8 E. Keaslian Penelitian Penulusuran pustaka mengenai exspresi Syndecan-1, MMP-2 dan IL-1α terhadap Ameloblastoma multikistik belum dijumpai di Indonesia. Beberapa penelitian tentang exspresi Syndecan-1, MMP-2 dan IL-1α pada variasi ameloblastoma: 1. Syndecan-1 (CD 138) surface expression marks cell type and differentiation in ameloblastoma, keratocystic odontogenic tumor, and dentigerous cyst oleh Al-Otaibi dkk 2013 2. Suppression of local invasion of ameloblastoma by inhibiting of matrix metalloproteinase-2 in vitro oleh Anxun dkk 2008 3. Expression of matrix metallopreoteinase in human ameloblastoma oleh Ming dkk, 2004 4. Investigation of interleukin-1 alpha and interleukin-6 expression and interleukin-1 alpha gene polymorphism in keratocystic odontogenic tumor and ameloblastoma oleh Suguven dkk 2011 Sepanjang pengetahuan penulis dan berdasarkan kepustakaan di lingkungan Universitas Gadjah Mada hingga saat ini belum pernah ada penelitian mengenai ekspresi Syndecan-1, MMP-2 dan IL-1 α terhadap ameloblastoma multikistik C. Tujuan Penelitian Tujuan penelitian ini adalah untuk : 1. Menganalisis ekspresi Syndecan-1 diantara tipe ameloblastoma multikistik 2. Menganalisis ekspresi MMP-2 diantara tipe ameloblastoma multikistik 3. Menganalisis ekspresi IL-1α diantara tipe ameloblastoma multikistik 4. Menganalisis hubungan diantara ekspresi, syndecan-1, MMP-2 dan IL-1α diantara tipe ameloblastoma multikistik.

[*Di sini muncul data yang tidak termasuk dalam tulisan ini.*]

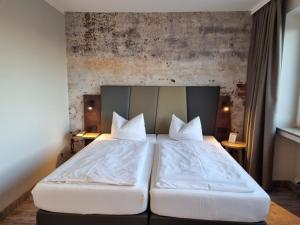 Postel nebo postele na pokoji v ubytování Hotel Bavaria Oldenburg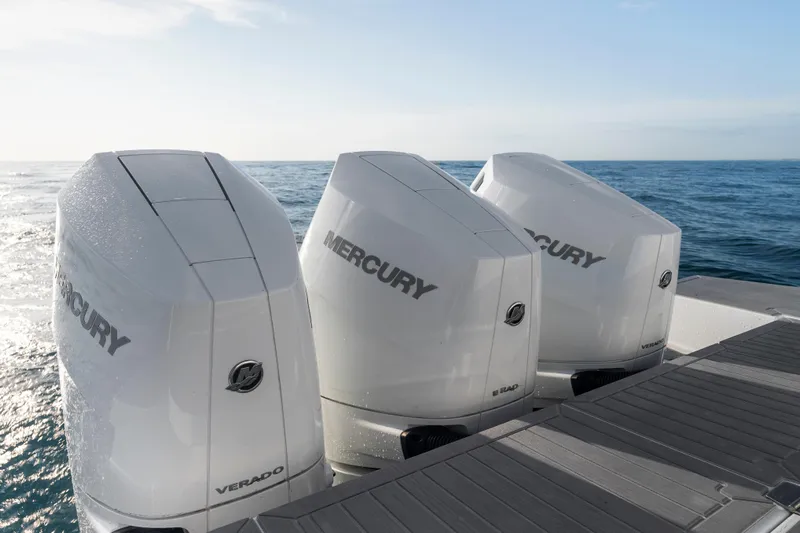  Yacht Photos Pics 2026 Cruisers Yachts 38 GLS OB with triple Mercury Verado outboard engines on open water.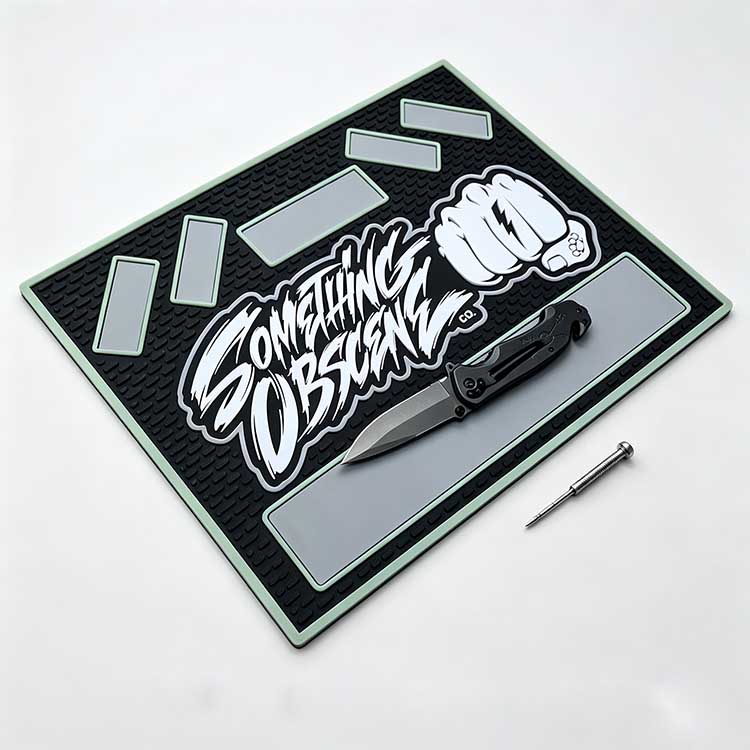 Tactical silicone EDC tray with bold black mint green design and knife.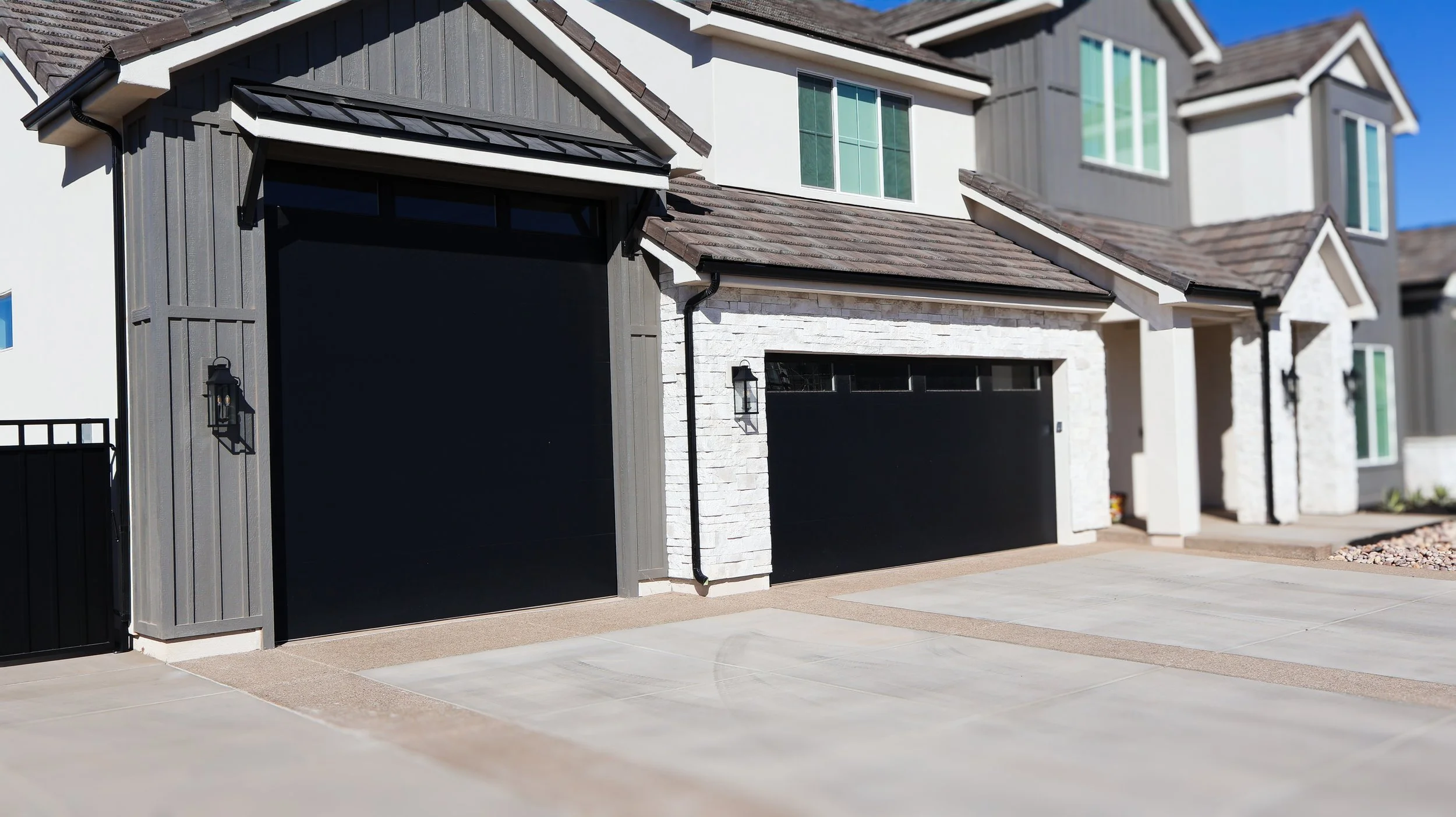 Exterior view of a modern house with two black garage doors, gray and white siding, stone accents, and two wall-mounted lanterns. The driveway is concrete.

9 D. Manfaat Penelitian Manfaat yang diharapkan dalam penelitian ini adalah : 1. Memberikan kontribusi dan menambah informasi penting dalam upaya mengungkap pengaruh ekspresi Syndecan-1,MMP-2 dan IL- 1α secara biomolekular perilaku ameloblastoma terhadap kemampuanya menjaga keutuhan ikatan antar sel, menjaga integritas matrik ekstraseluler dan peranan sitokin terhadap pertumbuhan. 2. Memberikan kontribusi dan menambah informasi penting dalam upaya mengungkap pengaruh ekspresi Syndecan-1, MMP-2 dan IL- 1α secara klinis pada ameloblastoma, mempunyai kemampuan invasif, cenderung metastase, progresitas pertumbuhan, osteolitik pada tulang dan rekurensi. 3. Memberikan kontribusi dan menambah informasi penting terhadap interaksi dan korelasi diantara ekspresi Syndecan -1, MMP-2, IL- 1α diatara tipe ameloblastoma multikistik. 4. Penelitian pada aspek perilaku ameloblastoma melalui ekspresi Syndecan-1, MMP-2 dan IL- 1α dapat menjadi dasar pertimbangan terhadap prognosis dan penatalaksanaan tindakan ameloblastoma yang sesuai dan tepat. 5. Penelitian pada aspek perilaku ameloblastoma melalui ekspresi Syndecan-1, MMP-2 dan IL- 1α berguna sebagai landasan ilmiah untuk pelaksanaan dan pengembangan penelitian biomolekular selanjutnya baik dalam aspek diagnosis maupun terapi.